Stereotactic Radiosurgery (SRS) for spinal tumors: the Philippines experience
Introduction: Delivery of a single high dose or a few fractionated radiation treatments for spinal tumors through stereotactic radiosurgery (SRS) is now available in the Philippines. A retrospective review was performed to determine the rate of pain relief, toxicity, and neurologic outcomes of patients treated with this modality.
Methodology: From 2012-2015, 24 patients were identified who underwent spine SRS in this institution. Patients were eligible for SRS based on the RTOG 0631 eligibility checklist. Pain outcome was measured using the numerical rating pain scale. Neurologic examination was done by the attending neurosurgeon and the radiation oncologist. Acute effects were scored according to the CTC v3. Dose was determined by tumor histology, proximity to nearby structures, as well as computed tumor volume. The mean age of patients was 58 ± 16.06 years. Patients were treated to a median dose of 16Gy (range 12-25Gy), given in 1-5 fractions.

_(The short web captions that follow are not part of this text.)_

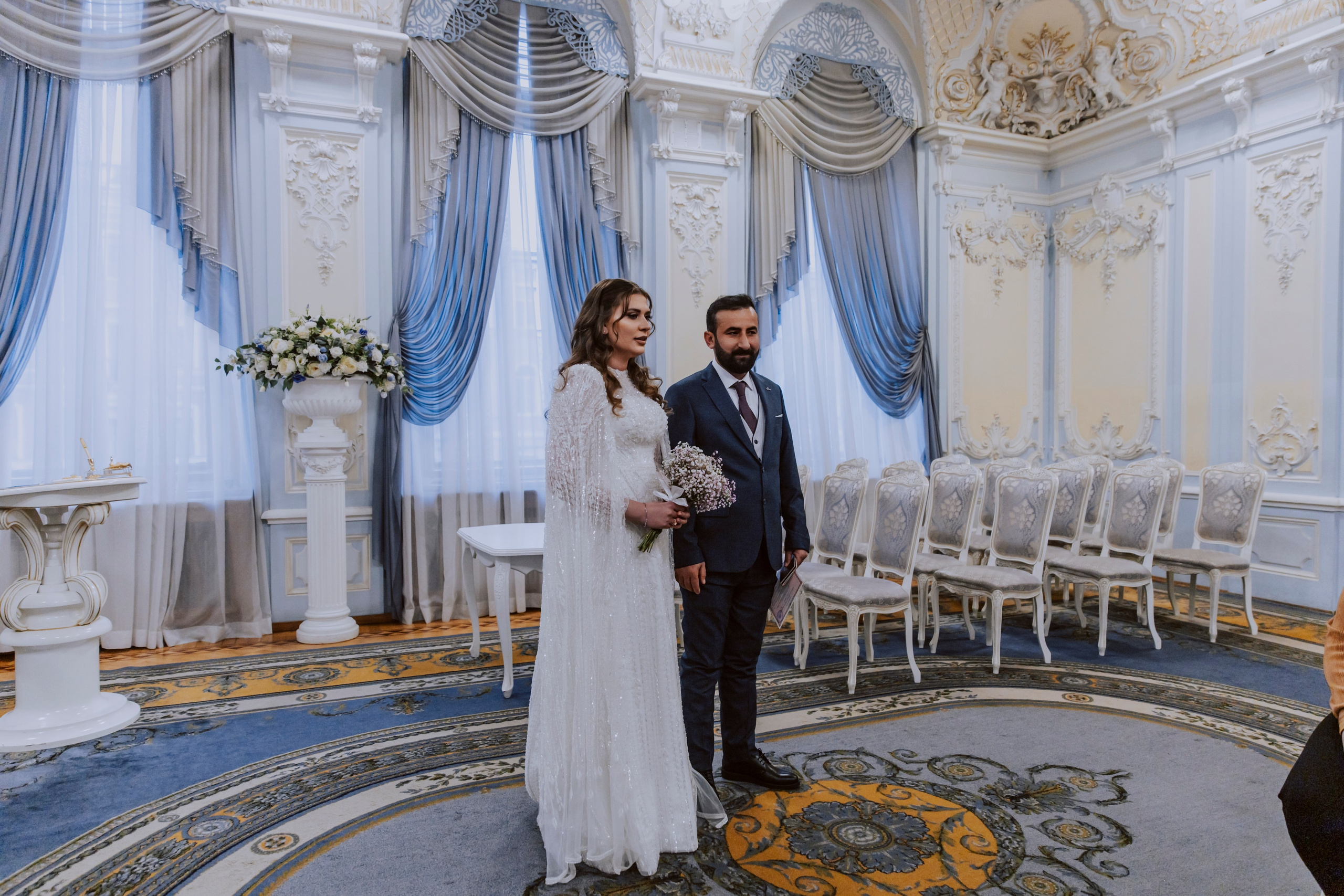 Анастасия и Озер. Фотограф, который снимает любовь в Санкт-Петербурге и Череповце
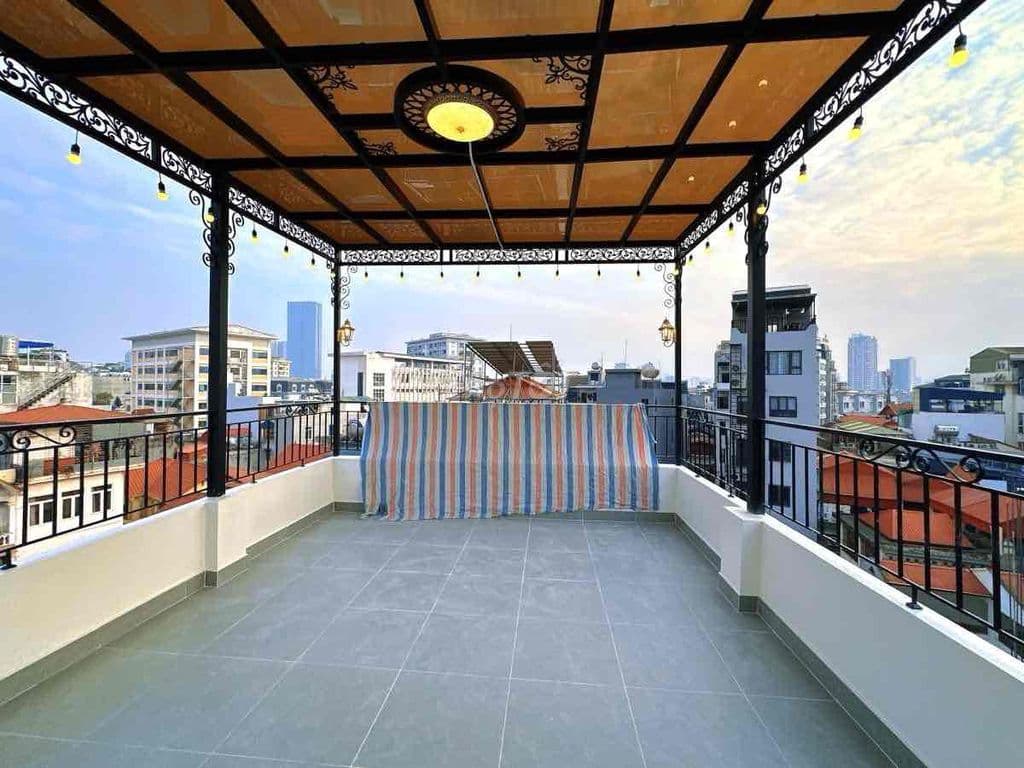 Chính Chủ Bán Nhà Hoàng Quốc Việt - Ảnh 3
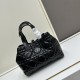 インパクト抜群のデザイン 2024SS トートバッグ DIOR ディオール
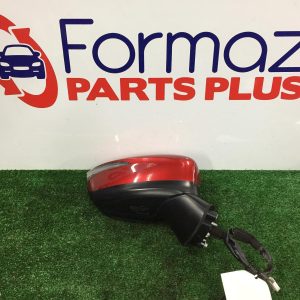 Right Door Mirror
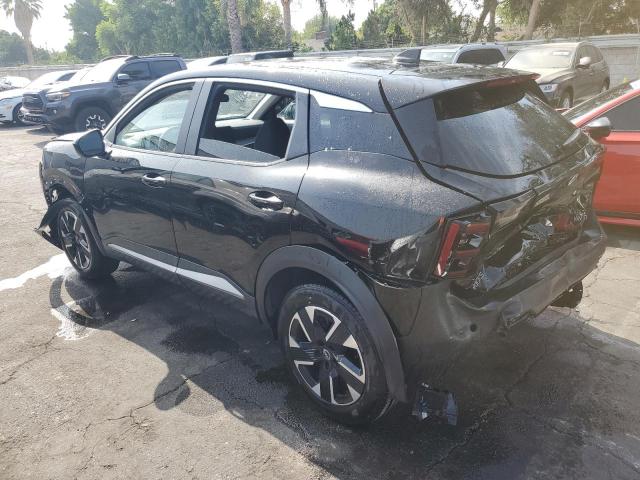 Photo 2 from auction – 2025 NISSAN KICKS SV with VIN 3N8AP6CB5SL359757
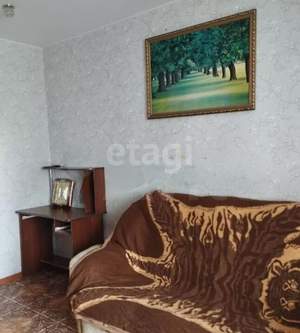 2-к квартира, вторичка, 57м2, 4/10 этаж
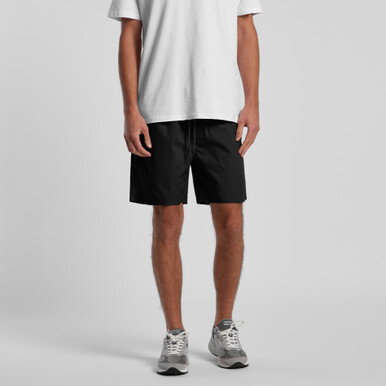 Beach Shorts 17"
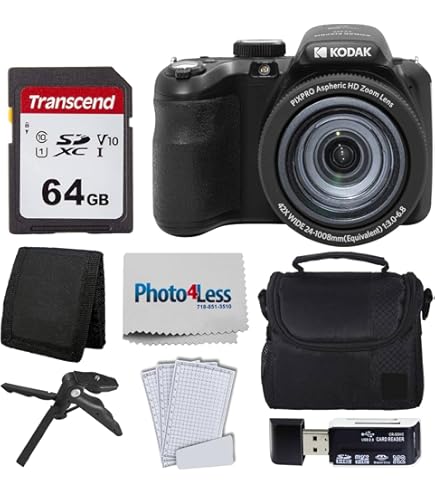 ＠pxjpm Kodak Pixpro AZ521 Review | PCMag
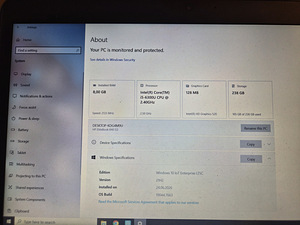 Компьютер для диагностики Mercedes MB Xentry, EPC, WIS, Starfinder (5 фото из 7)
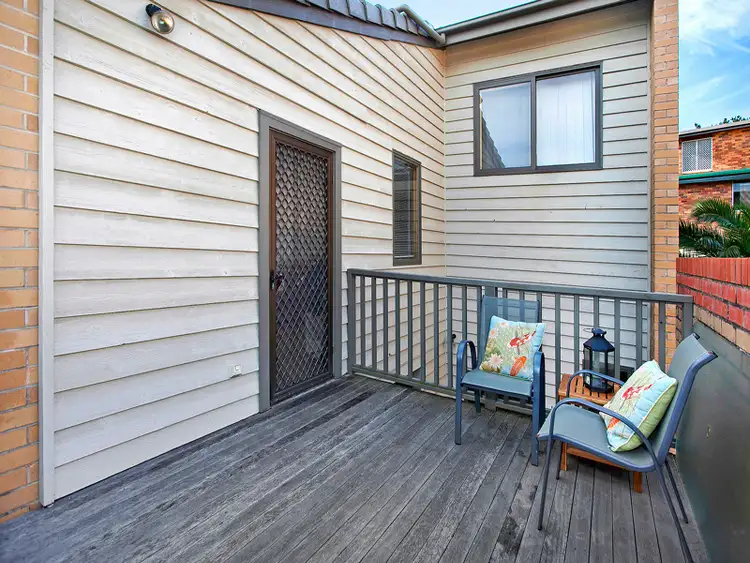 Third view of Homely townhouse listing, 3/5 Meares Place, Kiama NSW 2533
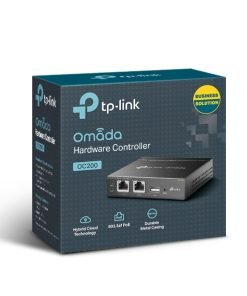 TP Link OC200 Omada Hardware Controller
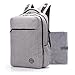 Leke Diaper Bag Backpack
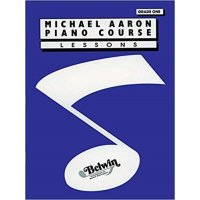 Michael Aaron Piano Course: Lessons Gr. 1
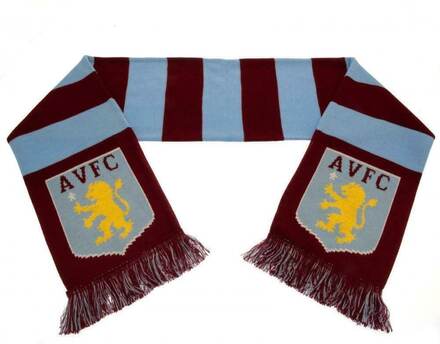 Aston Villa FC Vinter halsduk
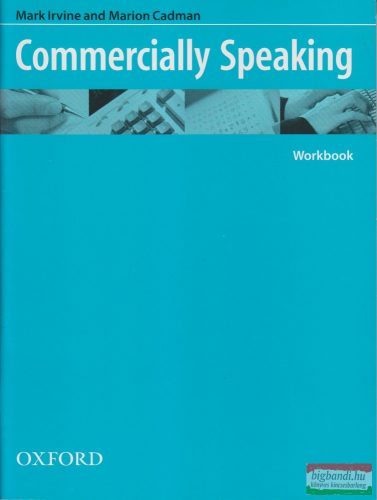 Commercially Speaking  Workbook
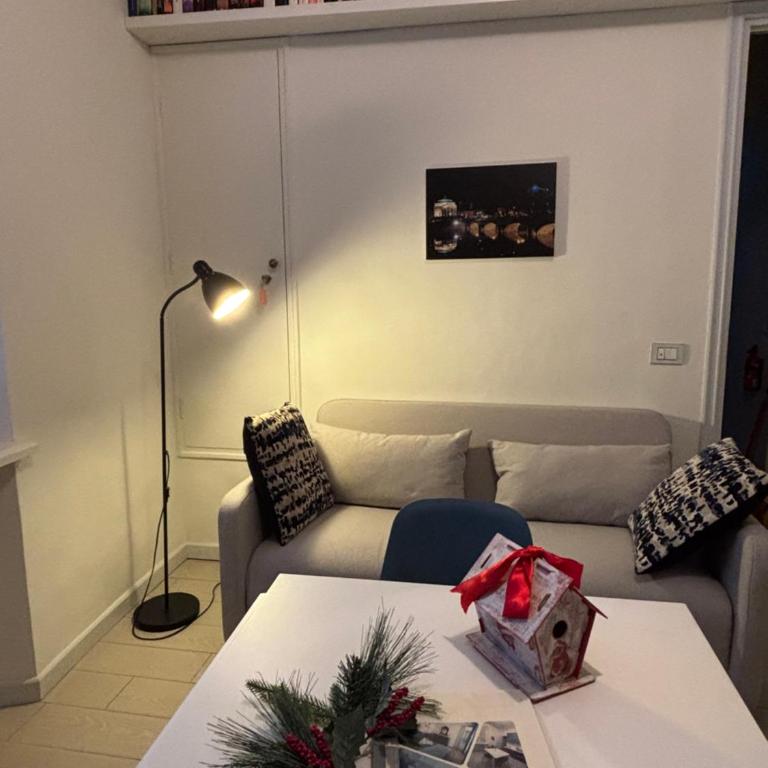 La casa di Beatrice e Francesca - Appartamento con 1 Camera da Letto - 5
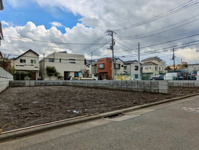 目黒区上目黒５丁目　売地　Ｎｏ６の画像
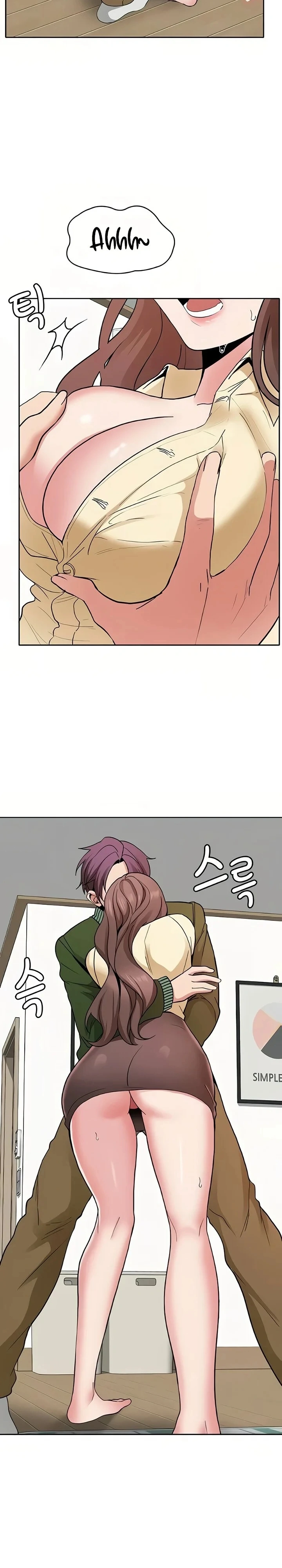 Precisa de um serviço? Capítulo 14 Página 22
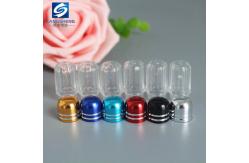 China OEM Single Capsule Shells Blue Crown Cap Rhino 69 Packaging supplier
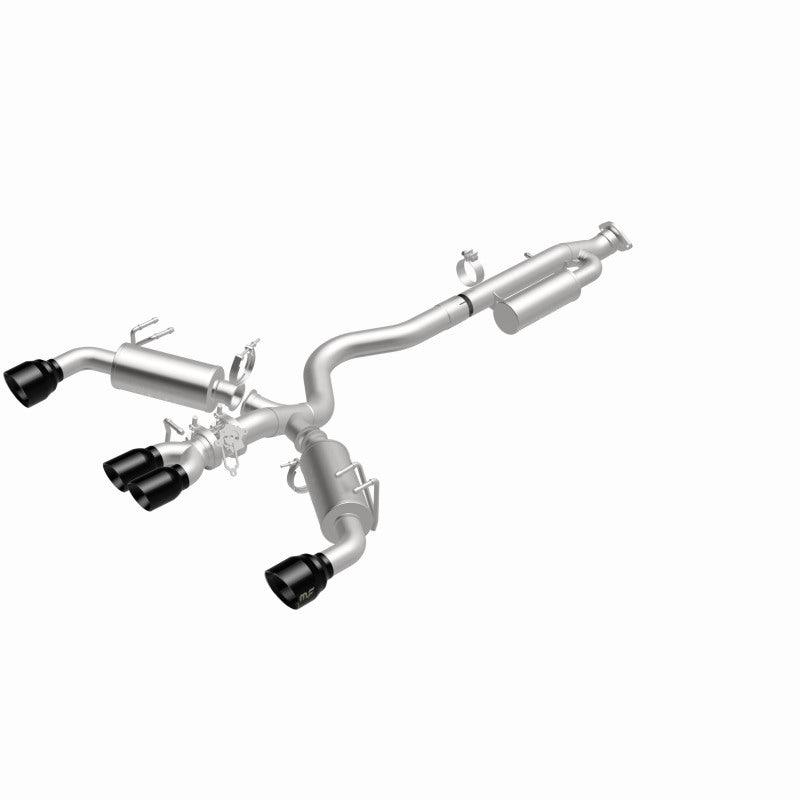 Magnaflow 2023 Toyota GR Corolla NEO Cat-Back Exhaust System - Torque Motorsport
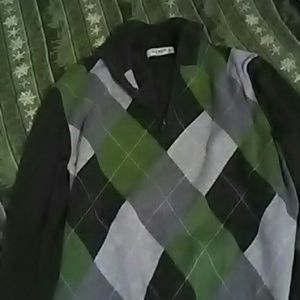 Mens old Navy sweater only wore once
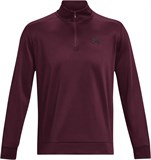 Under Armour Джемпер UA Armour Fleece 1/4 Zip 1373358-600-lst
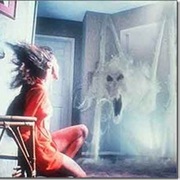 Poltergeists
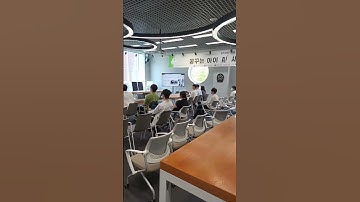 광주과학기술원 ai대학원 오픈랩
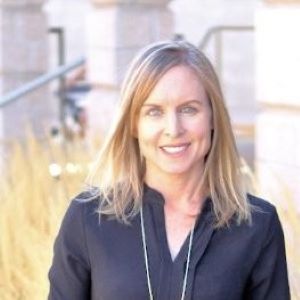 Kristine Farrell Thornham Picture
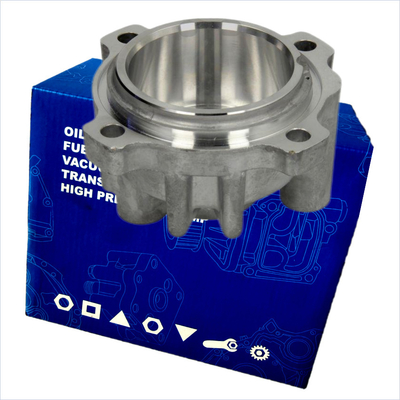 Aluminum Gearbox Cover 1308434011 for DAF Dongfeng Trucks 2008+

Results: Spine SRS was performed in a total of 30 spinal tumors from 24 patients (7 primary, 23 metastatic). The most common tumor site was the thoracic spine. Pain was present in 18 of the patients pre-SRS, with 83% documenting complete pain relief, one month after SRS. Only one patient experienced pain flare which resolved with steroids, and one patient developed vertebral compression fracture two months after treatment. Of the 10 patients who had motor deficits pre-SRS, 3 had complete recovery of motor function, while 7 had partial improvement.
Conclusions: SRS for spinal tumors is well-tolerated, safe, and effective treatment option. The results of our institution appear comparable to other institution reports investigating outcomes of spine SRS.